Ağaoğlu: Fed’den 50 yada 75 baz puan artış gelse, çok majör bir hareket olmasını beklemem. Altında 1970 hedeflemiştim, 1998, yani 2000’e ramak kalmıştı. Sanıyorum aşırı alım bölgesine geçti veya öyle bir dalga geldi. Çok kalıcı olacağını düşünmüyorum. Gümüşte de görülen 24,84 seviyesi 50 günlük hareketli ortalama. Tam oraya kadar geldi. Buranın aşağı kırılması durumunda düşüş biraz hızlanır. Gümüşte 26,35 ve altında 1970’ler haftalık kapanışlar bazında kritik eşikler diye düşünüyorum… Bunların üzerinde kapanışlar olmadığı takdirde çok majör yukarı hareketi beklemiyorum.
Bitcoinde ‘80 bin dolar’ inandırıcı değil
Güldağ: Bu hafta Bitcoin hareketliydi. Yılı 80 bin dolara yakın kapatabilir beklentileri de okudum…
Ağaoğlu: Eldeki düşmüş Bitcoin’i nasıl satacaksın birisine? 1 milyon dolar olacak diyorlardı Bitcoin ne oldu?

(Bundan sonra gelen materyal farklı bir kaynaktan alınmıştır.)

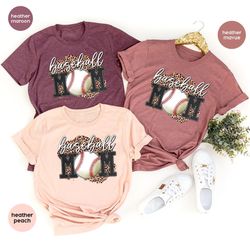 leopard print baseball mom graphic tees, baseball mom crewneck sweatshirt, baseball gifts for baseball fan mama, sports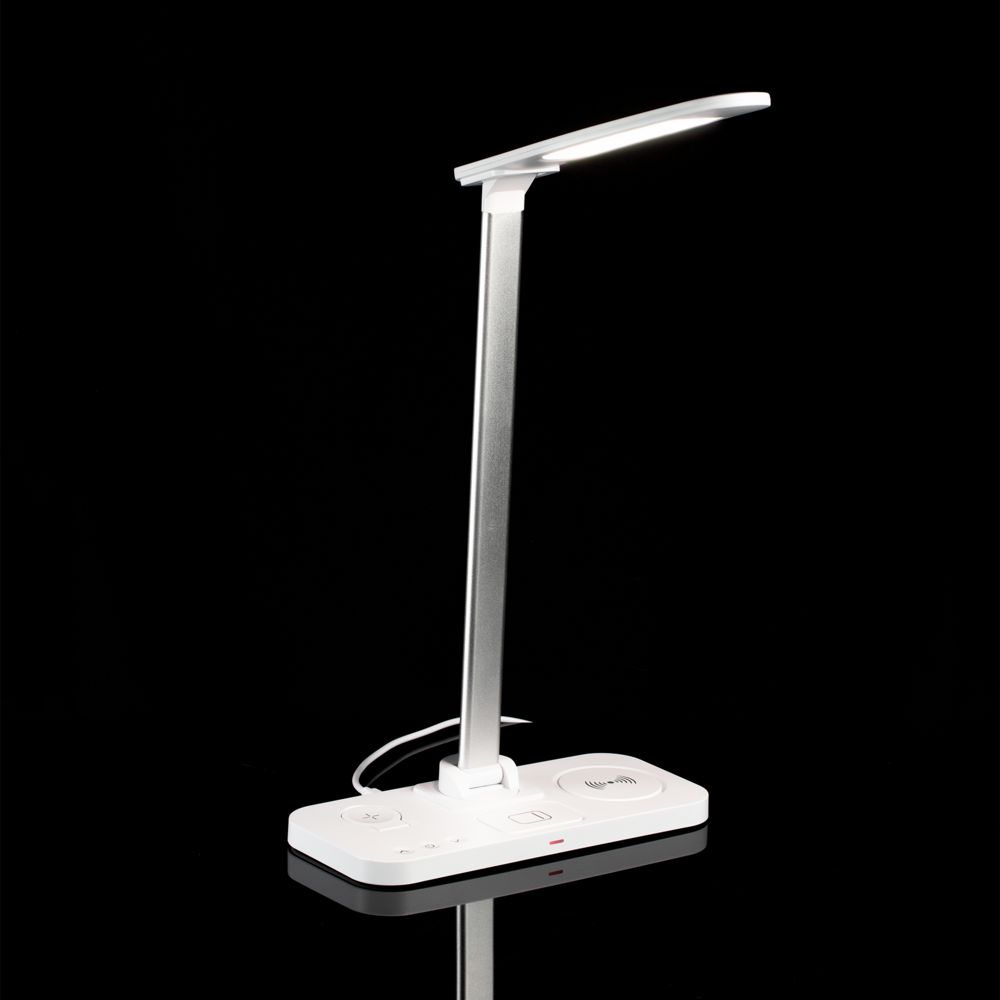 Настольная лампа с беспроводной зарядкой Power Light, белая (Миниатюра WWW (1000))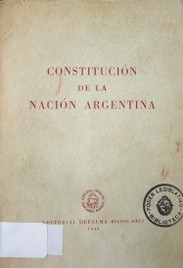 Constitución de la Nación Argentina : 1853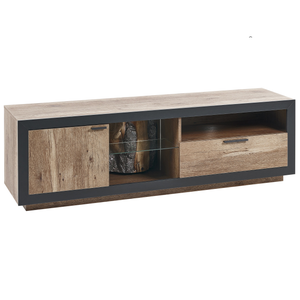 Mobile porta TV moderno rovere e nero PTI12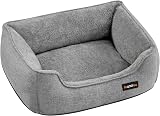 Feandrea Dog Bed Linen-Look Small with Raised Edges 60x50x21 cm Light Grey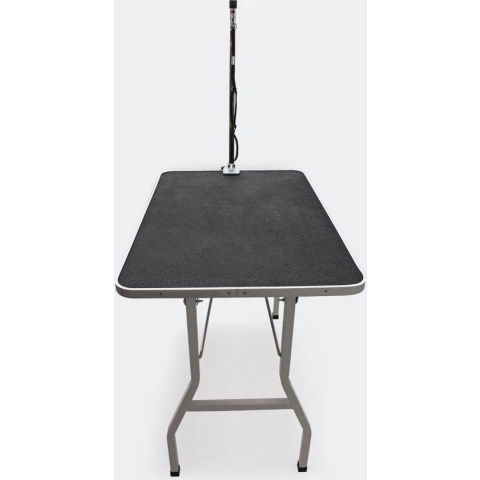 Honden Trimtafel met enkele aanlijnoptie, 760 mm hoog, Inklapbaar; Kniptafel - Wastafel met lus zwart / grijs - Verzorgingstafel voor huisdieren - Multistrobe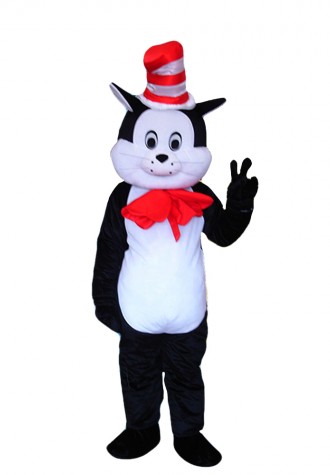 Polite Black & White Cat With Red Tie And Hat Mascot Costume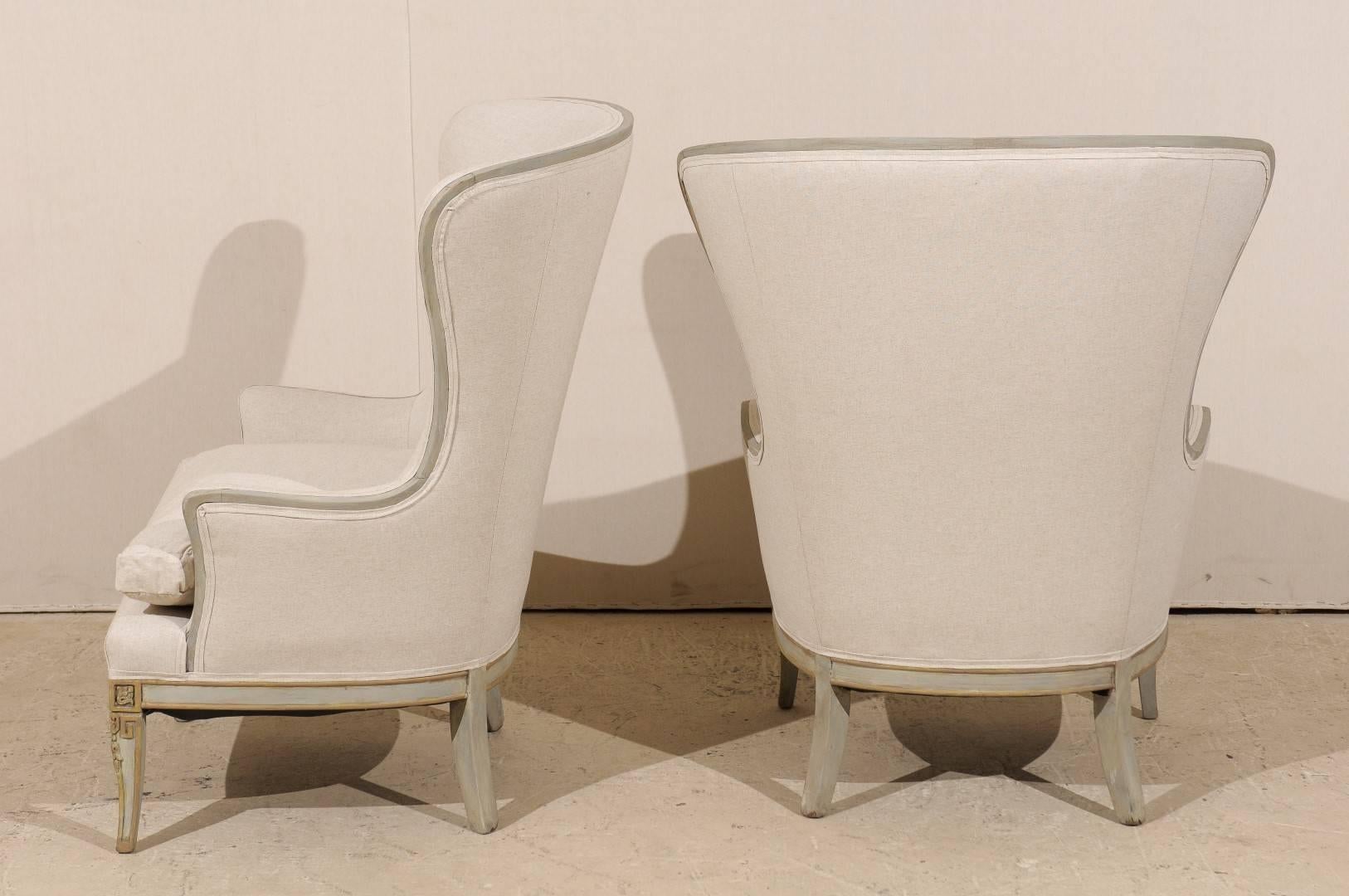 Mid-Century Modern Pair of Painted Wood Wingback Chairs with Carved Details and New Upholstery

Güldağ: Hava satmak gibi değil mi bu?
Ağaoğlu: Hava oyunları kitabını okuyun, çok güzel kitaptır. Tarihten ders almıyoruz. Eğer ders alınsaydı tekerrür eder miydi demiş Mehmet Akif. Ama şurada anlaşalım 80 bin dolar olacak mı sorusunun benim için hiçbir anlamı yok. 1 ay içinde 1 yıl içinde, 3 yıl içinde 10 yıl içinde olacak soruları benim için anlamlı. Yani bana 1 ay veya sene sonu içinde 80 bin dolar olacak derseniz olmayacak derim.